ESAS NO : 2019/127 Esas
KARAR NO : 2019/1091

DAVA : İtirazın İptali (Ticari Hizmet Sözleşmesinden Kaynaklanan)
DAVA TARİHİ : 12/03/2019
KARAR TARİHİ : 06/11/2019
Mahkememizde görülen İtirazın İptali davasının yapılan yargılaması sonunda,
GEREĞİ DÜŞÜNÜLDÜ:
İDDİA:
Davacı vekili, taraflar arasındaki 01/03/2016 tarihli “Bilgi Teknolojileri Destek, Danışmanlık ve Dış Kaynak Kullanımı Hizmet Sözleşmesi” uyarınca müvekkilinin bakım destek danışmanlık hizmetlerini üstlendiğini, davalının sözleşme devam ederken haksız fesih beyanında bulunduğunu, buna göre haksız ve geçersiz feshe dayalı olarak sözleşmenin 8.3. maddesi gereceğince kararlaştırılan cezai şart bedelinin tahsili için başlatılan takibe itirazın iptali ile takibin devamını asgari %20 inkar tazminatına hükmolunmasını talep ve dava etmiştir.
SAVUNMA:
Davalı vekili, sözleşmenin devam ettirilmeyeceğinin karşı tarafa e-mail ile iletildiğini, haksız feshin söz konusu olmadığını, zira sözleşme süresi boyunca davacıdan yeterli hizmet alınamadığını, sözleşmenin 6.1. maddesi gereğince fiyat artışlarının tarafların onayı ile yapılacağının kararlaştırıldığı ancak ücret konusunda da anlaşma sağlanamadığını, ayrıca davacının ihtarnamedeki beyanları uyarınca esasında sözleşmeyi davacının sona erdirdiğini, ayrıca sözleşmenin sona ermesinden sonraki döneme ilişkin haksız yere fatura kesilmek suretiyle icra takibi başlatılarak takibe itirazın iptali davasının da İStanbul … ATM …esas sayılı dosyasıyla sürdüğünü belirterek davanın reddi ile asgari %40 kötü niyet tazminatına hükmedilmesini talep etmiştir.
İNCELEME VE GEREKÇE:
Dava hukuksal niteliği itibariyle, sözleşmenin haksız ve usulsüz feshi nedeniyle sözleşmede kararlaştırılan cezai şart bedelinin tahsili için başlatılan takibe itirazın iptali istemine ilişkindir.

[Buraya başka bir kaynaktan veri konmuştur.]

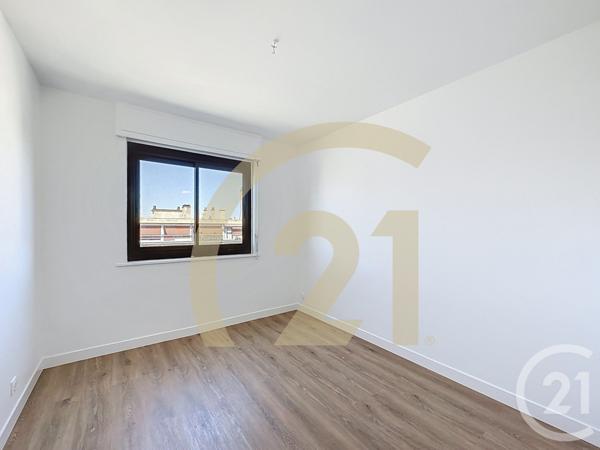 Appartement F3 à vendre  3 pièces - 73,87 m2 NEUILLY SUR SEINE - 92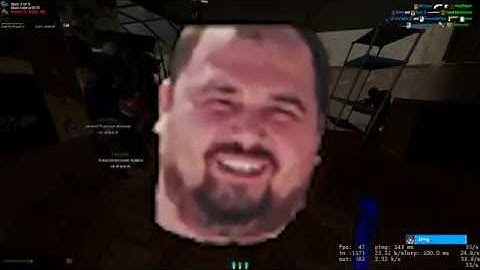 Zs Moments 4 [Ricardo dies]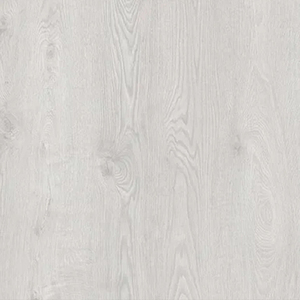 Ламінат AGT EVEREST EFFECT 8mm 32kl 4V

Yazılı sözleşme her iki tarafın da kabulünde olup kararlaştırılan yetki şartı uyarınca İstanbul Mahkemeleri ve İcra Daireleri yetkili kılındığından HMK’nın 17. maddesi uyarınca bağlayıcı sözleşmenin 15.1 hükmüne göre icra dairesinin yetkisine ilişkin davalı borçlunun itirazı yerinde görülmemiştir.

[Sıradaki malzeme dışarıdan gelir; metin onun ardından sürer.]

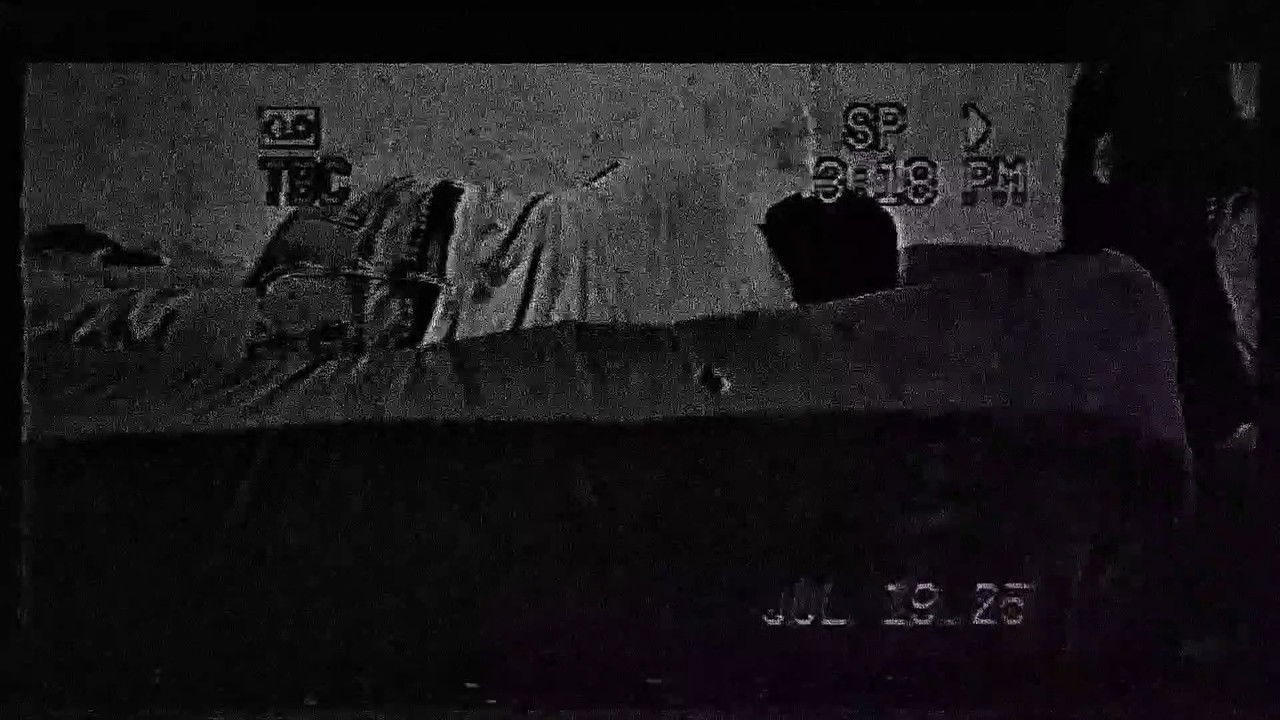 Backdrop image for movie still here.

Taraflar arasındaki varlığı çekişmesiz 01/03/2016 başlangıç tarihli sözleşmenin 6. maddesinde sözleşme bedeli senelik 9.600,00-TL olarak belirlenmiş olup, yenileme dönemlerinde tespit edilen fiyatların en az, o yıla ait (TÜFE, Yİ-ÜFE ortalaması) enflasyon ortalaması oranında artış olmak şartı ile tarafların onayı ile yeniden belirleneceği kararlaştırılmıştır.

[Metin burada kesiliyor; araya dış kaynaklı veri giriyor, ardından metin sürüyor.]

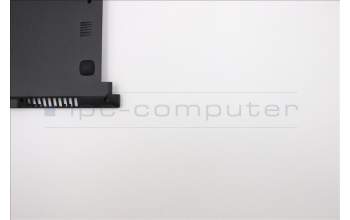 Lenovo 5CB0M31698 COVER Lower Case Q 80T8 ULT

Sözleşmenin “Süre ve Fesih” başlıklı 8. maddesinde ise; tarafların sözleşme bitiş tarihinden 30 gün öncesinde, sözleşmenin fesih edildiğinde dair yazılı bir bildiri yapılmadığı takdirde, iş bu sözleşme 6.1 maddesi gereğince kendiliğinden birer yıllık süreler ile devam edeceği, davacı …’in sözleşmeyle üstlendiği hizmetlerin ifasını hiç veya gereği gibi yerine getirmediği veya üstlenmiş olduğu taahhütlerin herhangi birini ihlal etmesi durumunda, davalı müşterinin kendisinden kaynaklanan herhangi bir hata veya kusuru yok ise davacı …’e çekeceği yazılı bir ihtar sonrası söz konusu sözleşme ihlali bir ay içerisinde giderilmez ise yazılı ikinci ihtar sonrasında tek taraflı olarak fesh etme hakkına sahip olacağı kararlaştırılmıştır. Diğer yandan sözleşmenin 3. Bendinde taraflardan herhangi birinin sebepsiz yere sözleşmeyi süresi içinde feshetmek istediği takdirde tazminat olarak karşı tarafa bir yıllık bakım bedeli (9.600,00-TL) tutarının peşinen yani cezai şart bedeli olarak ödenmesinin kararlaştırıldığı görülmektedir. Davacı hizmet veren taraf takibe konu alacağı yukarıda belirtilen sözleşmenin 8.3 maddesine dayandırmaktadır.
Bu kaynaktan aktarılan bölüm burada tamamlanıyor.